> [EXERCISE REQUIREMENTS]: Your answer should be the lines from the one with "Bestselling 0.49 Carat" to the end of the data below, both included, exact and free of pictures.

*** Opening GIVEN DATA ***

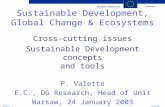 Research European Commission FP6-ERA.ppt04/12/02 1 Sustainable Development, Global Change & Ecosystems Cross-cutting issues Sustainable Development concepts.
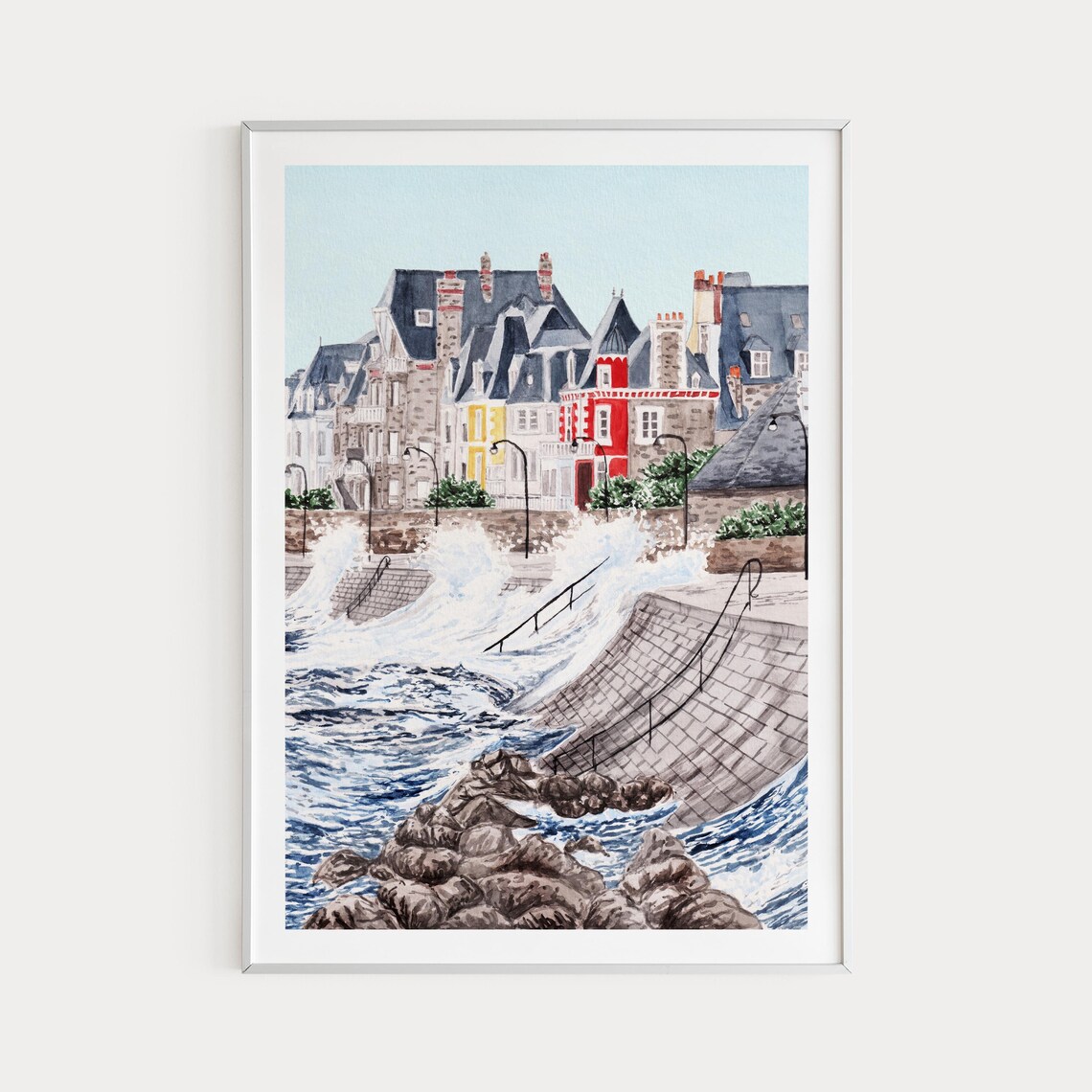 Saint Malo Brittany Waves Crashing On Seawall Colorful Houses Poster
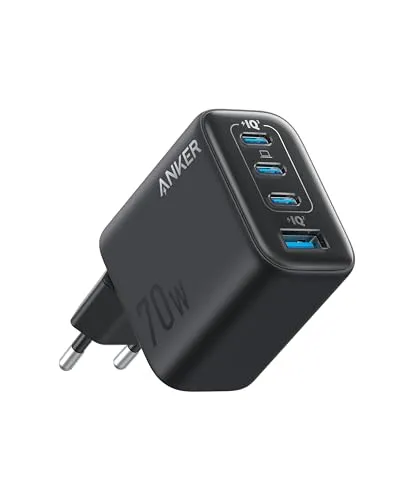 Anker Zolo 70W USB C Ladegerät, 4-Port-Netzteil für ultraschnelles Laden - Kompaktes 4-Port-Netzteil mit bis zu 70W Leistung. Lade deinen Laptop und Smartphone gleichzeitig. Ideal für Reisen und den täglichen Einsatz – Effizienz und Mobilität vereint.
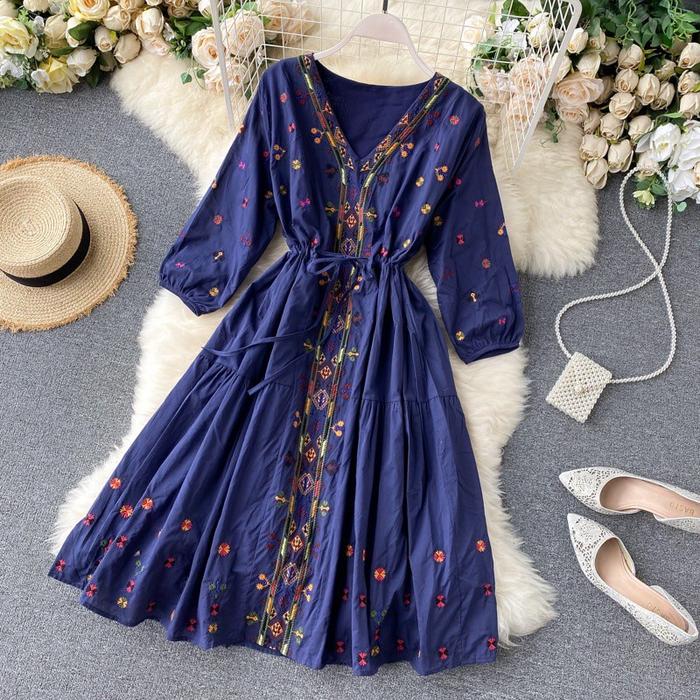 TUNIK CANTIK BORIA TUNIK MIDI DRESS WANITA DRESS PENDEK BORDIR DRESS S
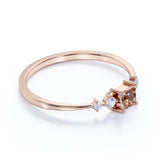 Bestselling 0.49 Carat Princess Cut Australian Brown Pink Morganite and Diamond Petite Engagement Ring in Rose Gold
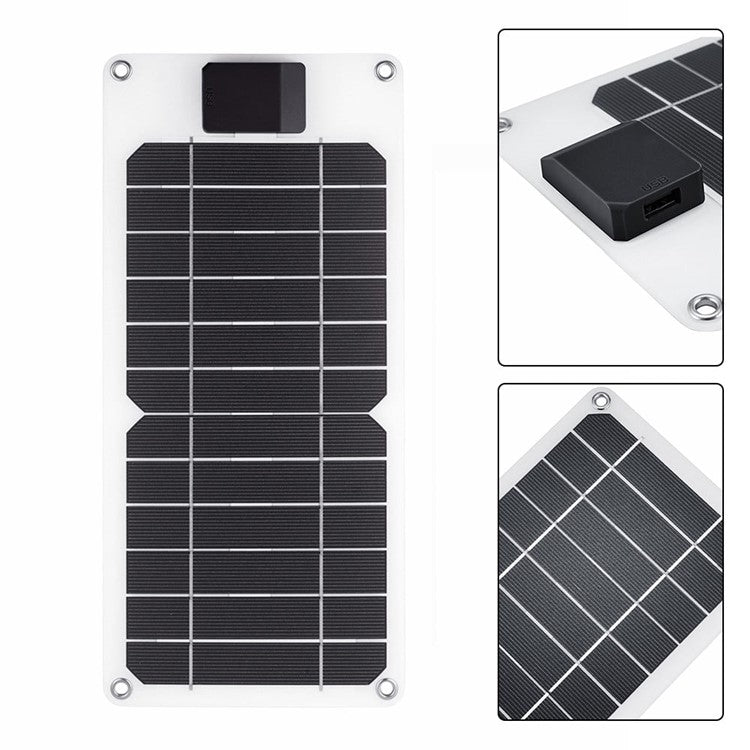 GKM215 6W 5V Monocrystalline Solar Panel Charger USB Port Portable for Cell Phone Camping Hiking Travel - Black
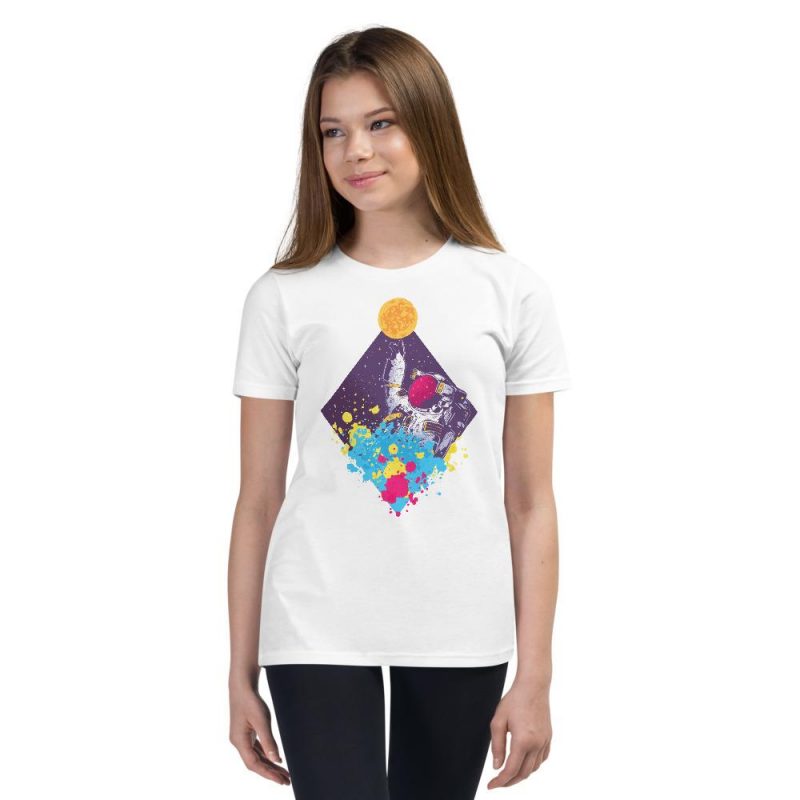 T shirt blanc Astronaute Multicolore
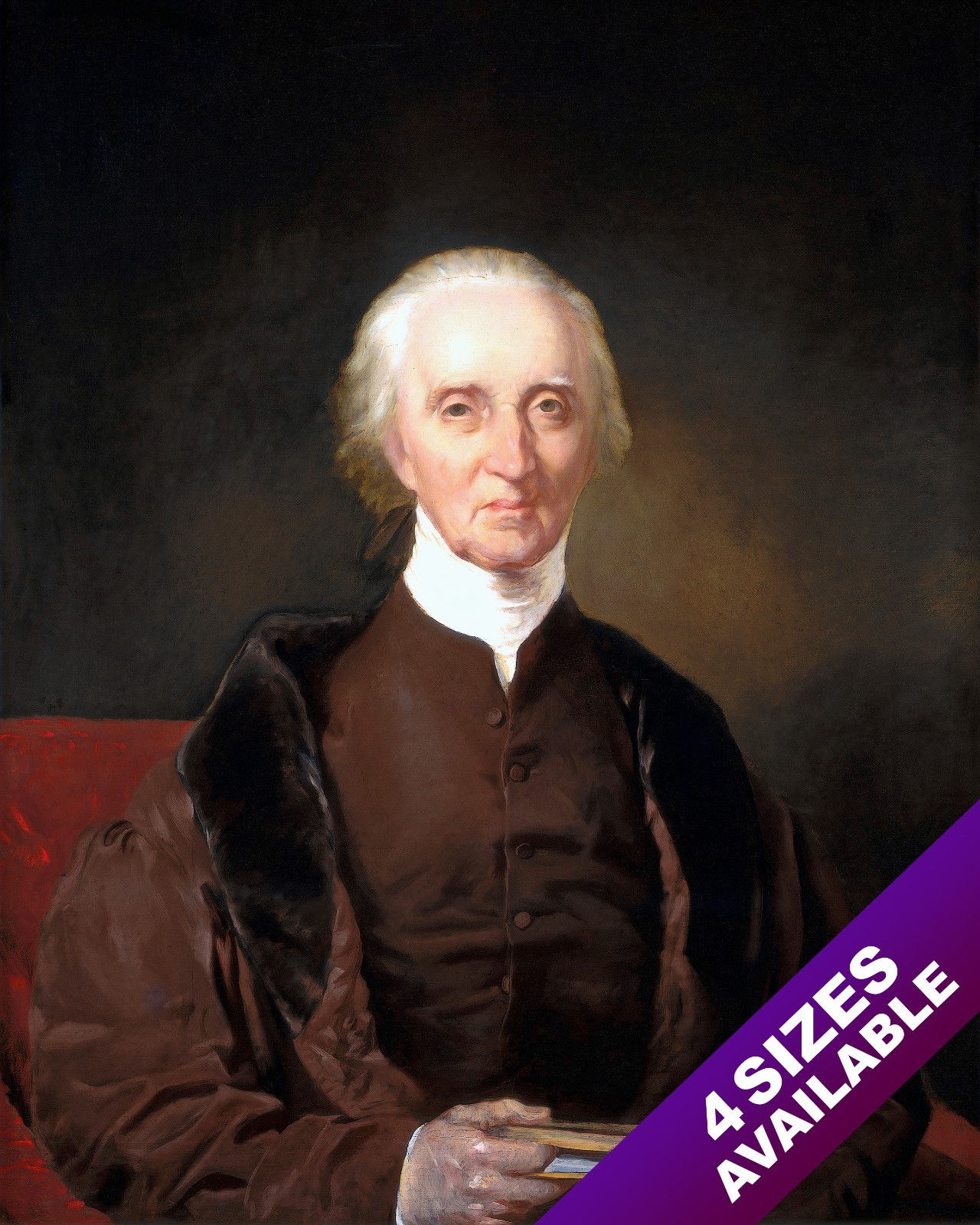 US FOUNDING FATHER CHARLES CARROLL OF CARROLLTON PAINTING ART REAL CANVAS PRINT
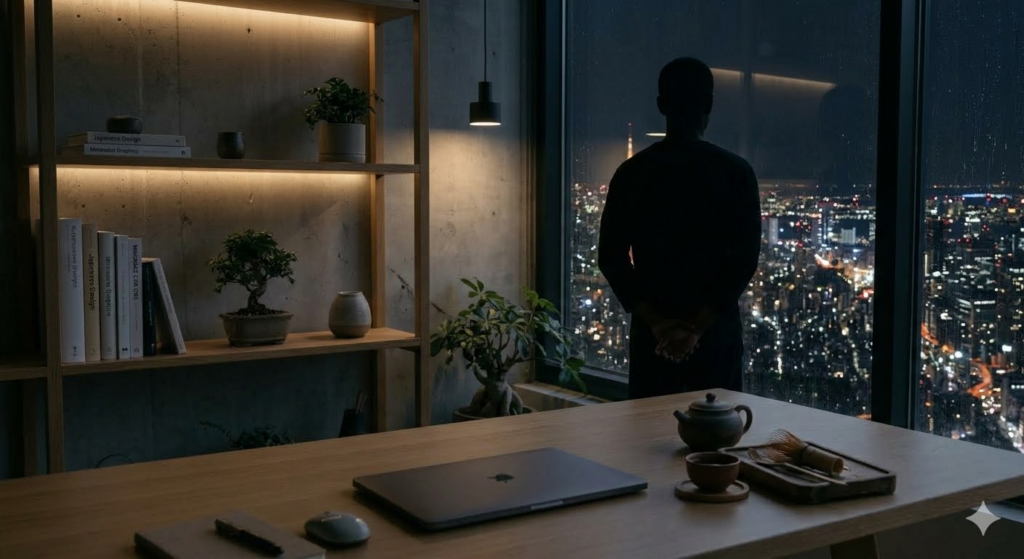 夜の休息として立禅を取り入れ、思考を整理する所作。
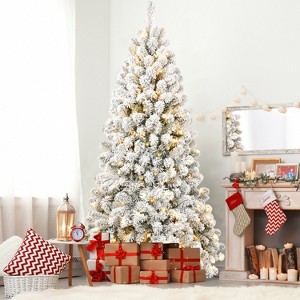 DOMETOUR Pre-lit Snow Flocked Christmas Tree Artificial Xmas Tree with Branch Tips and Warm Incandescent Lights - 1 of 4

*** Closing GIVEN DATA ***

> [ANSWER TO THE PROBLEM]:
 Bestselling 0.49 Carat Princess Cut Australian Brown Pink Morganite and Diamond Petite Engagement Ring in Rose Gold
 GKM215 6W 5V Monocrystalline Solar Panel Charger USB Port Portable for Cell Phone Camping Hiking Travel - Black
 T shirt blanc Astronaute Multicolore
 US FOUNDING FATHER CHARLES CARROLL OF CARROLLTON PAINTING ART REAL CANVAS PRINT
 夜の休息として立禅を取り入れ、思考を整理する所作。
 DOMETOUR Pre-lit Snow Flocked Christmas Tree Artificial Xmas Tree with Branch Tips and Warm Incandescent Lights - 1 of 4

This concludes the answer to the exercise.